STUDY MATERIAL: Begin

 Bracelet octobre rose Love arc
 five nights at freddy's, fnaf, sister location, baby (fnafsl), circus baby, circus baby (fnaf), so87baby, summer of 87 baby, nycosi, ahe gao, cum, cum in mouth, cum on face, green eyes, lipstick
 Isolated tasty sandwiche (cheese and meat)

STUDY MATERIAL: End
STUDY MATERIAL: Begin

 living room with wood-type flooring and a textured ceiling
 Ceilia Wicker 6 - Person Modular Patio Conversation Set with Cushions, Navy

STUDY MATERIAL: End
STUDY MATERIAL: Begin

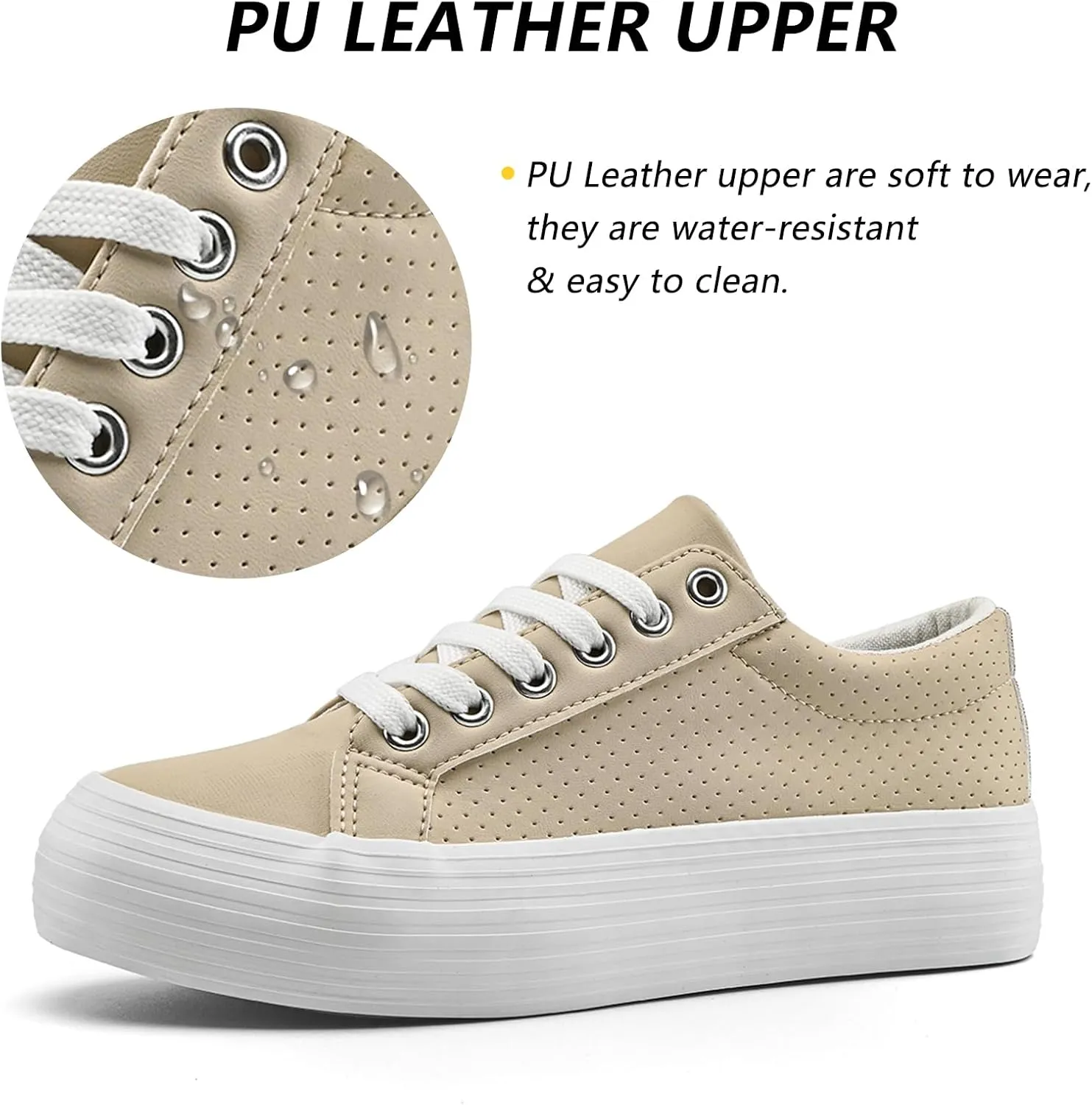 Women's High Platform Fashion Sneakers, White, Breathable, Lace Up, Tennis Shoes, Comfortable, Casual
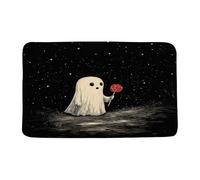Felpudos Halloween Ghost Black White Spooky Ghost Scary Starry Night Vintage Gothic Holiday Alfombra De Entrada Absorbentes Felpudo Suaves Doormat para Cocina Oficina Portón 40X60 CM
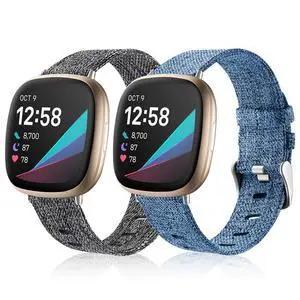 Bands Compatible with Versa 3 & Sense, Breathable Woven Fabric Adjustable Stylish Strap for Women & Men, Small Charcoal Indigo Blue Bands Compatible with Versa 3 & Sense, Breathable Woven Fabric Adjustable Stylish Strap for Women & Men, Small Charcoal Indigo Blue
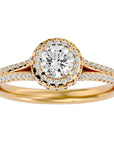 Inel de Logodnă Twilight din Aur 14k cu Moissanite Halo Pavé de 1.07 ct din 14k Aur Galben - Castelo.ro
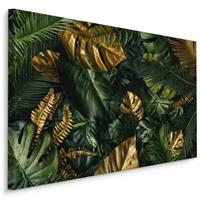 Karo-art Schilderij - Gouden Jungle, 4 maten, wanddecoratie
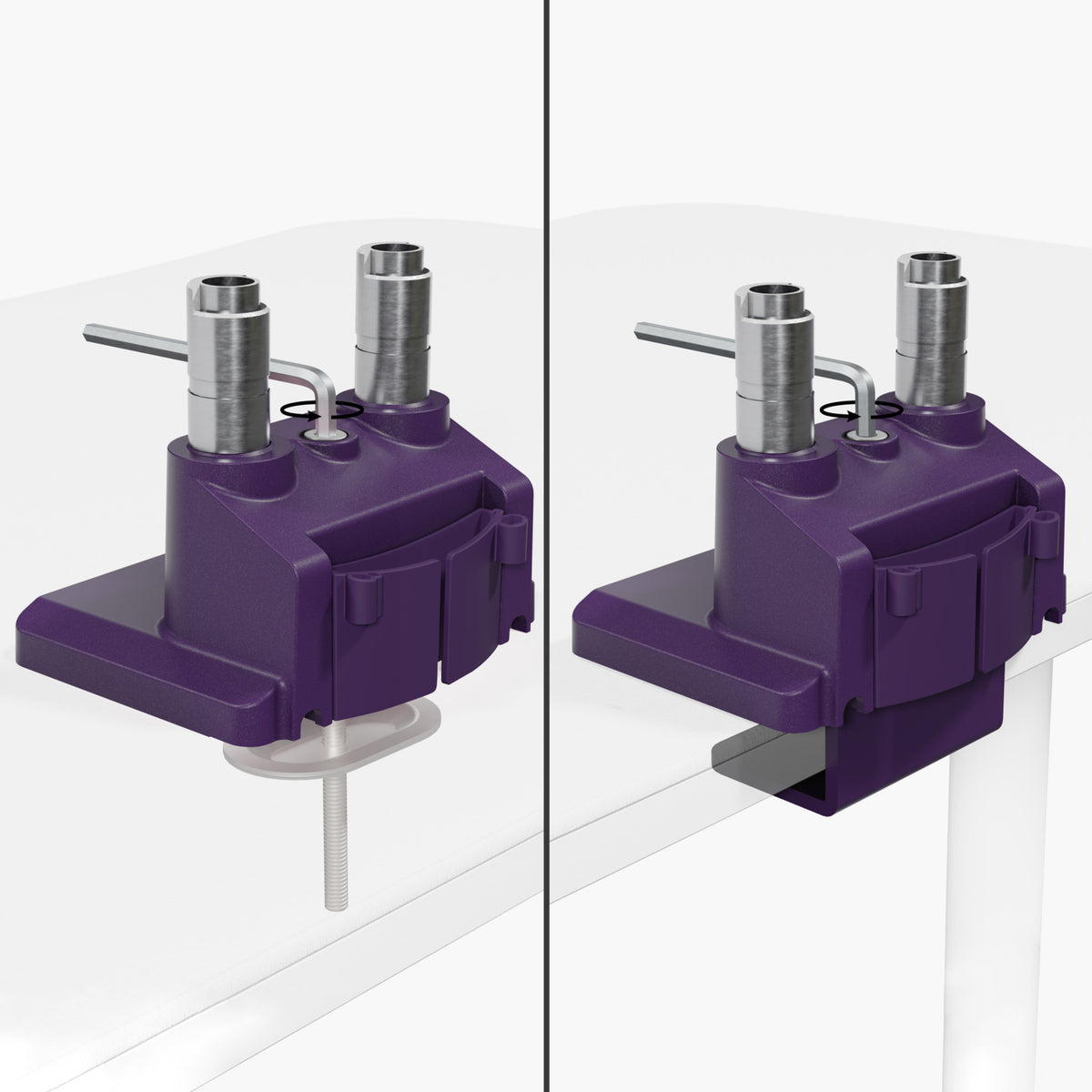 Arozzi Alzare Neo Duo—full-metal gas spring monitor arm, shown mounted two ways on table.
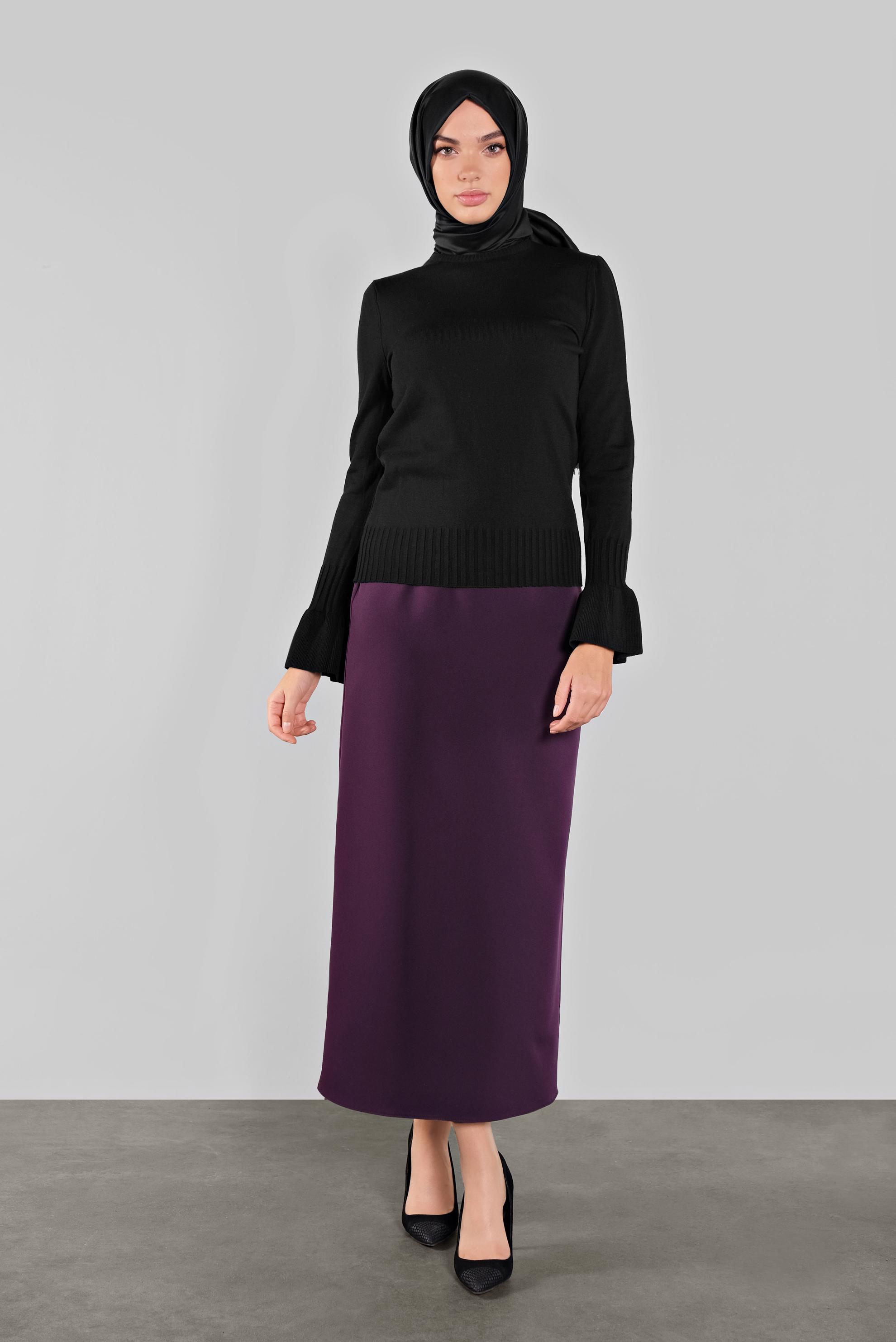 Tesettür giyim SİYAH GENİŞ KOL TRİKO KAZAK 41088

STUDY MATERIAL: End

• **WHAT YOU ARE ASKED TO DO**
The expected output is exactly the lines of the listing above between the line holding "Bracelet octobre rose Love arc" and the line holding "Isolated tasty sandwiche (cheese and meat)", inclusive.

• **TASK OUTPUT**
 Bracelet octobre rose Love arc
 five nights at freddy's, fnaf, sister location, baby (fnafsl), circus baby, circus baby (fnaf), so87baby, summer of 87 baby, nycosi, ahe gao, cum, cum in mouth, cum on face, green eyes, lipstick
 Isolated tasty sandwiche (cheese and meat)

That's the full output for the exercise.